Problem Description:

Given an integer n, return the maximum possible number of parts that positive even integers can be split into such that the sum of all the parts is n.

Example:

Input: n = 6 Output: 3 Explanation: The maximum number of parts that positive even integers can be split into so that the sum is n = 6 are [2,2,2], which is a total of 3 parts.

Solution:

To solve this problem, we can start by understanding that all the integers that are greater than 2 are even. Therefore, we need to first find the number of even numbers that sum up to n. One solution for this is a brute-force solution where we can try out all the combinations of even numbers that sum up to n and choose the combination with the maximum number of elements.

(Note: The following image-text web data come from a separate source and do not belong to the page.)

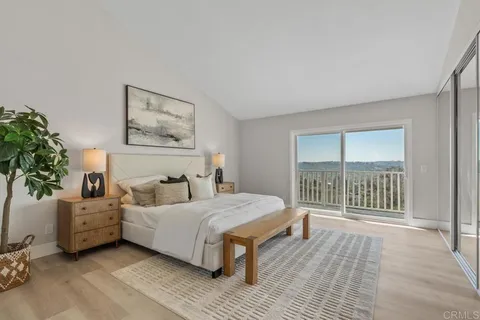 a bedroom with a large bed and a large window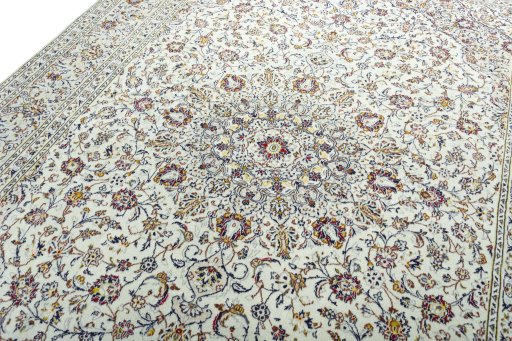 Backside of handmade 2000s Kashan rug showing knot structure and weave density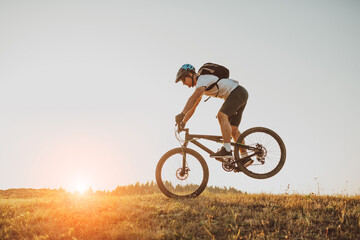 Naklejka premium Cyclist Riding the Bike on the Trail in the Forest. Man cycling on enduro trail track. Sport fitness motivation and inspiration. Extreme Sport Concept. Selective focus
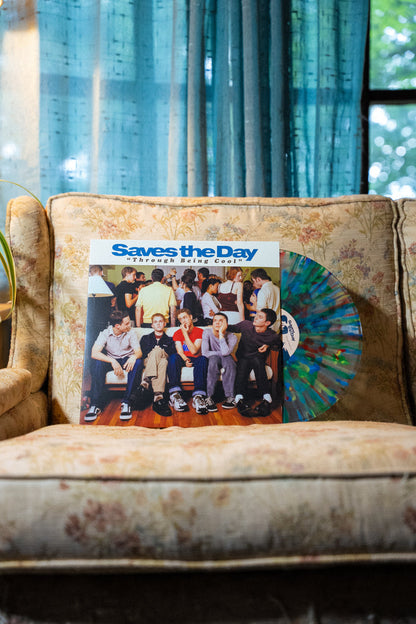 A Saves The Day vinyl record with a multicolored disc sits on a patterned beige couch, set in front of blue curtains and a window revealing greenery outside.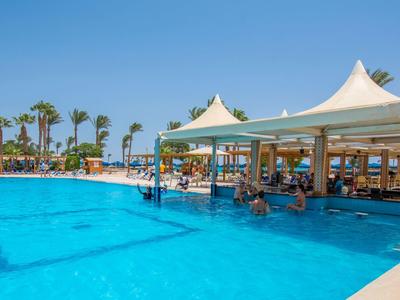 Großer blauer Pool mit barähnlichem Pavillon, Palmen und klarem Himmel im Hintergrund.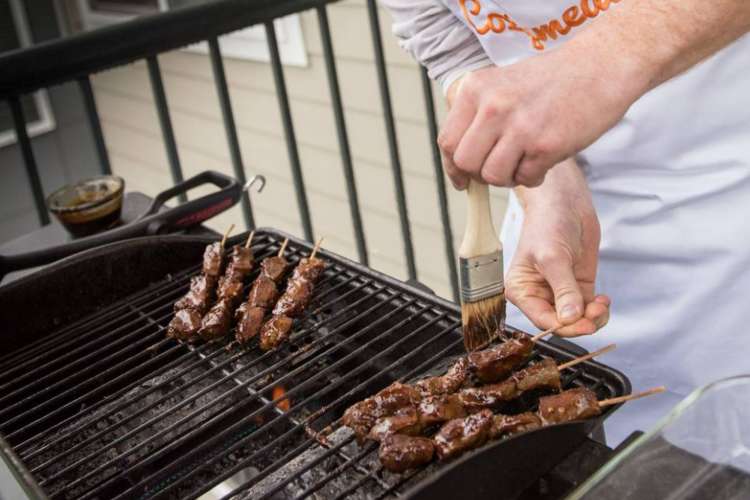 a chef cooking kebabs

We can also approach this problem using dynamic programming. We can create a table dp[] where dp[i] represents the maximum number of parts that positive even integers can be split into so that the sum is i. We can start by initializing dp[0] to be 0, which means that we need 0 even numbers to sum up to 0. Then we can iterate over all even numbers less than or equal to n, and for each even number i, we can update dp[i] as the maximum between dp[i] and dp[i-j]+1, where j is an even number less than or equal to i. This means that we are trying out all possible combinations of even numbers that sum up to i and choosing the combination with the maximum number of elements.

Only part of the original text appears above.